A third fear is that Iraq's neighbors will support their proxies in this fight. Indeed, they probably will -- but within limits. Iran, which is already assisting various Shiite parties (especially the Supreme Council for the Islamic Revolution in Iraq), would continue to do so. And Sunni Arab states like Saudi Arabia, Egypt, and Jordan would line up behind Iraq's Sunnis. Even so, neither Shiite Iran nor the Sunni Arab countries would likely risk a regional conflagration by providing their Iraqi proxies with the heavy weapons that would enable them to wage offensive operations in each other's heartland.

The only power that could qualitatively worsen Iraq's sectarian civil war is the United States. Washington continues to arm and train the Shiites, although so far it has resisted Prime Minister Nouri al-Maliki's pleas to provide Iraq's Shiite-led army and police with heavy weapons, armor, and an air force. Only if that policy changed, and the United States began to create a true Shiite army in Iraq, would the Sunni Arab states likely feel compelled to build up Iraq's Sunni paramilitary militias into something resembling a traditional army.

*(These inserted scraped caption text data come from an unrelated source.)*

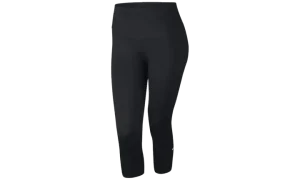 One Mid-rise Crop Leggings WMNS "Black"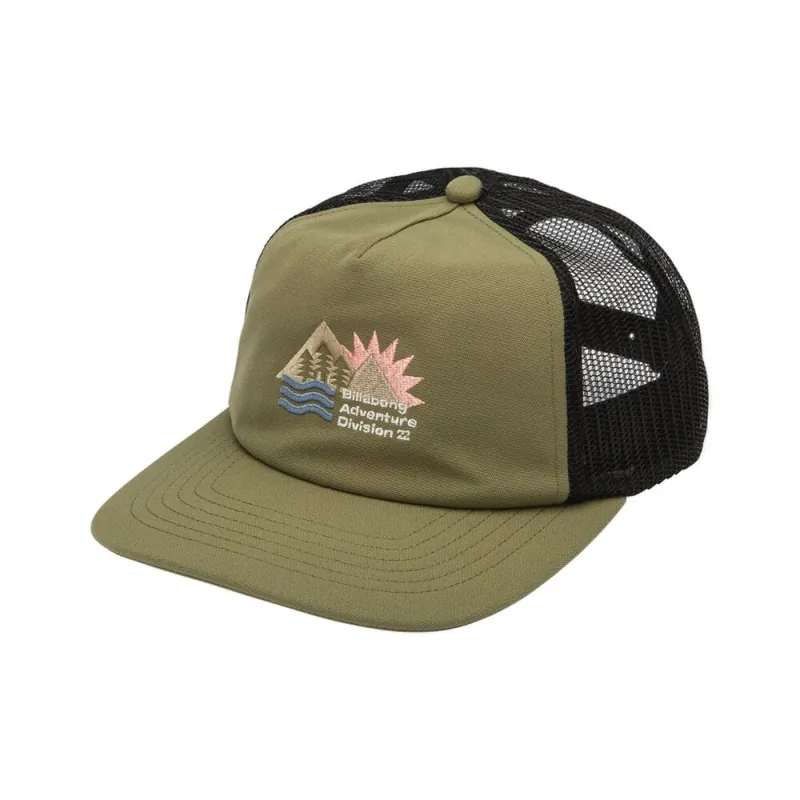 Billabong Adiv Trailblaze Trucker Cap Military Meistverkauft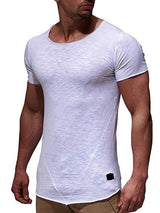 Men  Casual T-Shirt - WOMONA.COM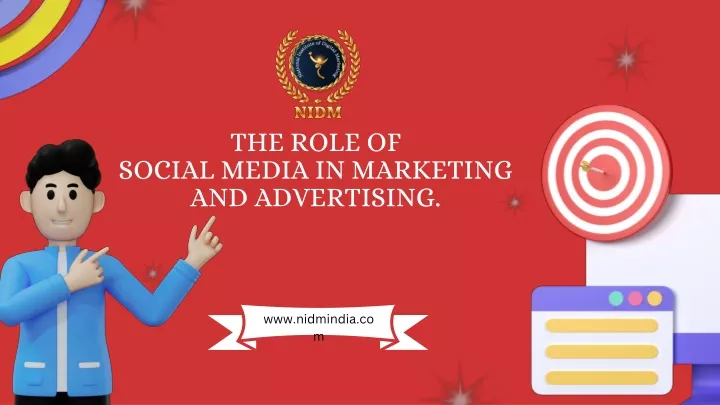 the role of social media in marketing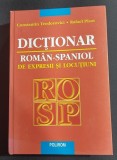 Dictionar Roman-Spaniol de expresii si locutiuni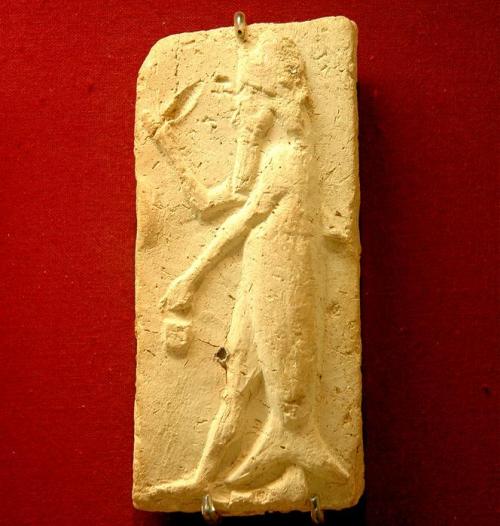 Ea, or Oannes, depicted as a fish-man. 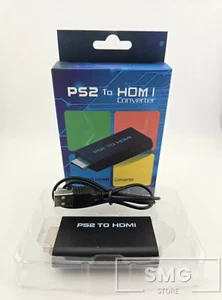 Adattatore Convertitore Playstation 2 PS2 in Hdmi Full HD 1080p + Cavo HDMI 1.5m - Imagen 1 de 2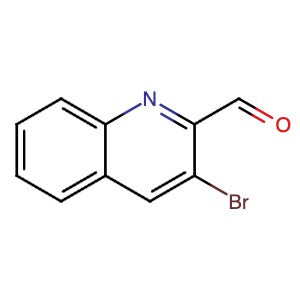 898559-24-5 | 3-Bromo-2-quinolinecarbaldehyde  - Hoffman Fine Chemicals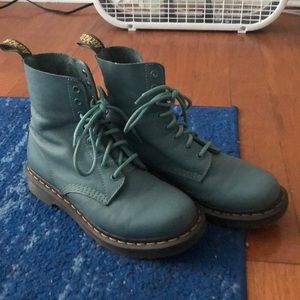 Authentic Teal Dr. Martens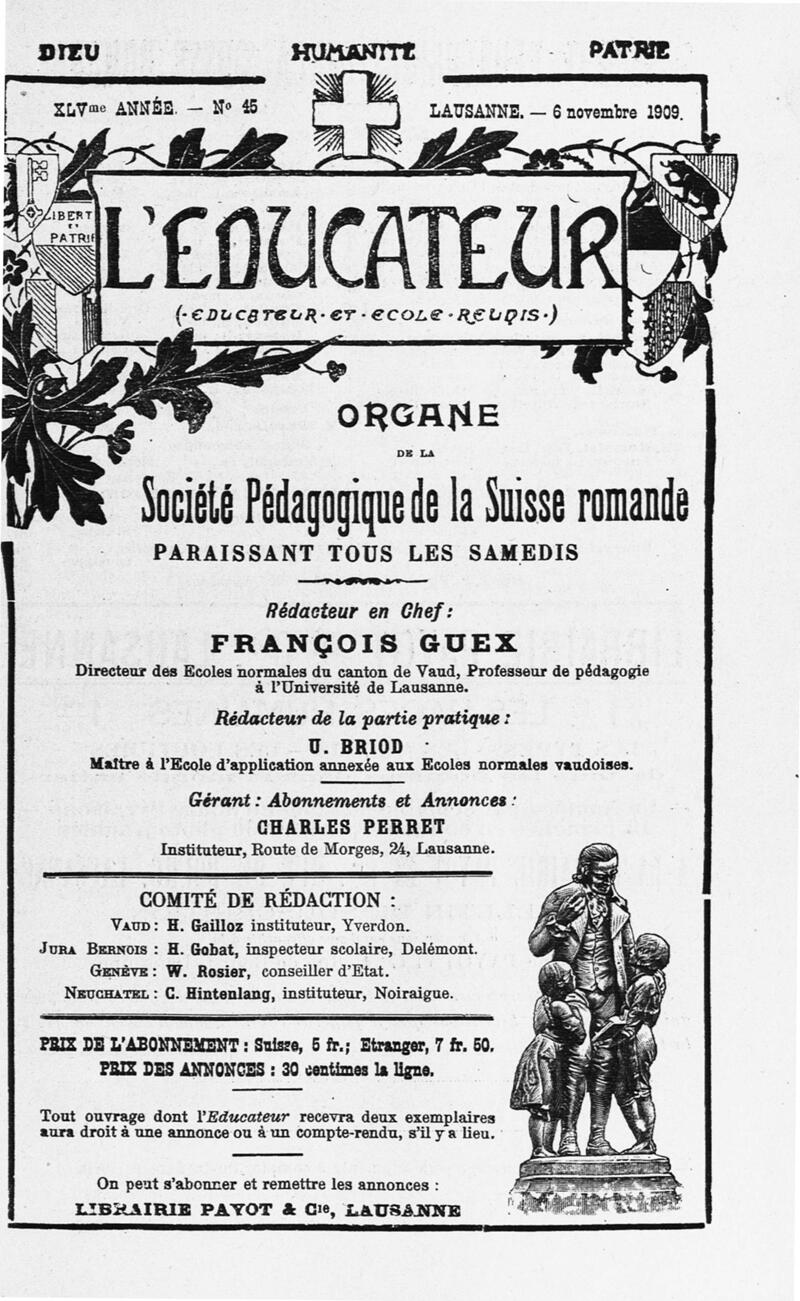 Buchumschlag - Heft 45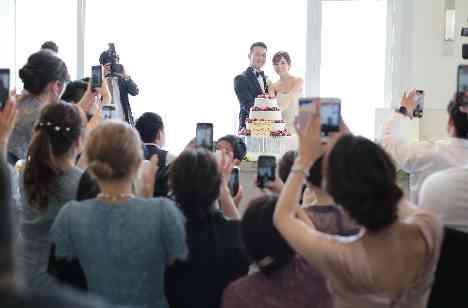 ゲストもお二人も楽しむ♪ファミリーWeddingの披露宴画像
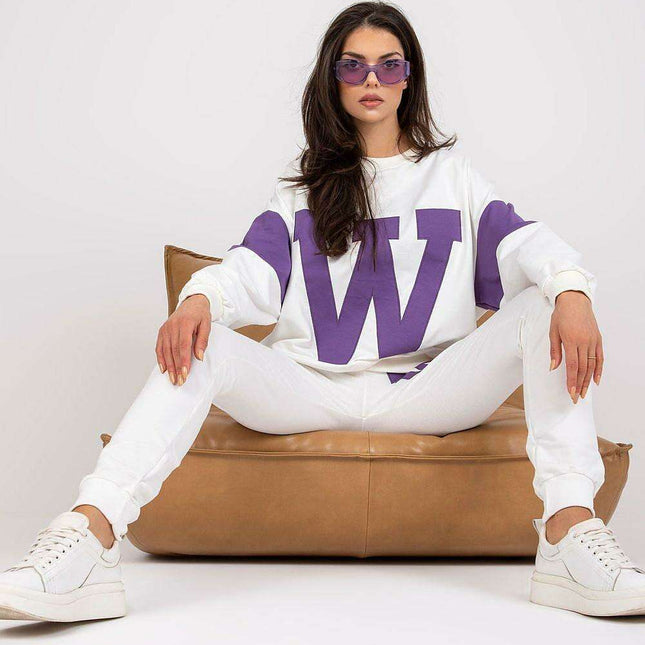 Trendy Activewear Tracksuit Set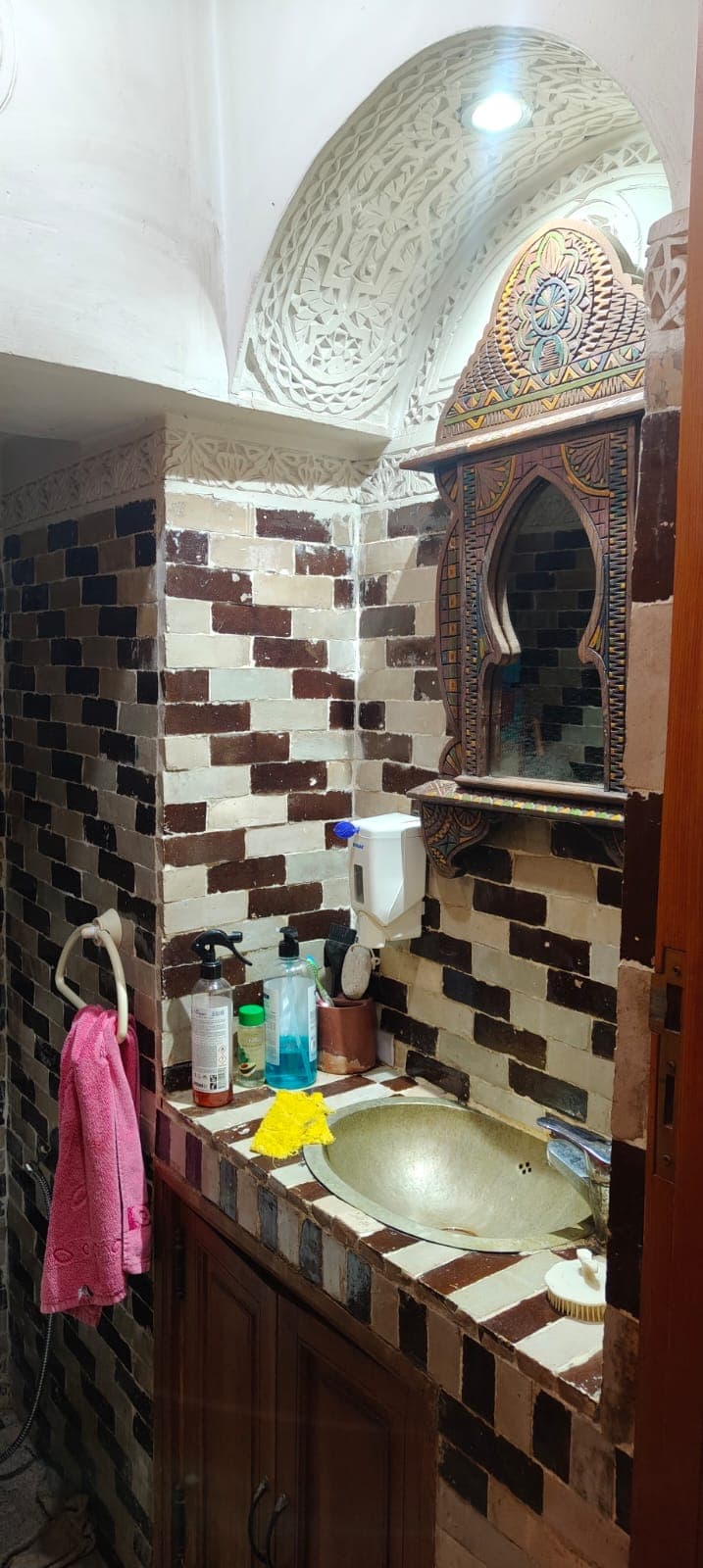 Renovated Medina House — Sidi Abdelaziz — photograph 9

Thus, even if we assume that Iraq's parties cannot achieve some sort of reconciliation as the United States withdraws, an American pullout is hardly guaranteed to unleash unbridled chaos. On the contrary, each year since 2003 that American troops have remained in Iraq, the violence has escalated steadily.

A Kurdish power grab?

The third major concern about a post-occupation Iraq -- although it gets less attention than it deserves -- is the possibility of a crisis triggered by a Kurdish power grab in Kirkuk, the city at the heart of Iraq's northern oil fields. Since 2003, the Kurds have been waging a systematic, ugly round of ethnic cleansing, packing Kirkuk with Kurds, kidnapping or driving out Arab residents (many of them settled there by Saddam), and stacking the city council with Kurdish partisans.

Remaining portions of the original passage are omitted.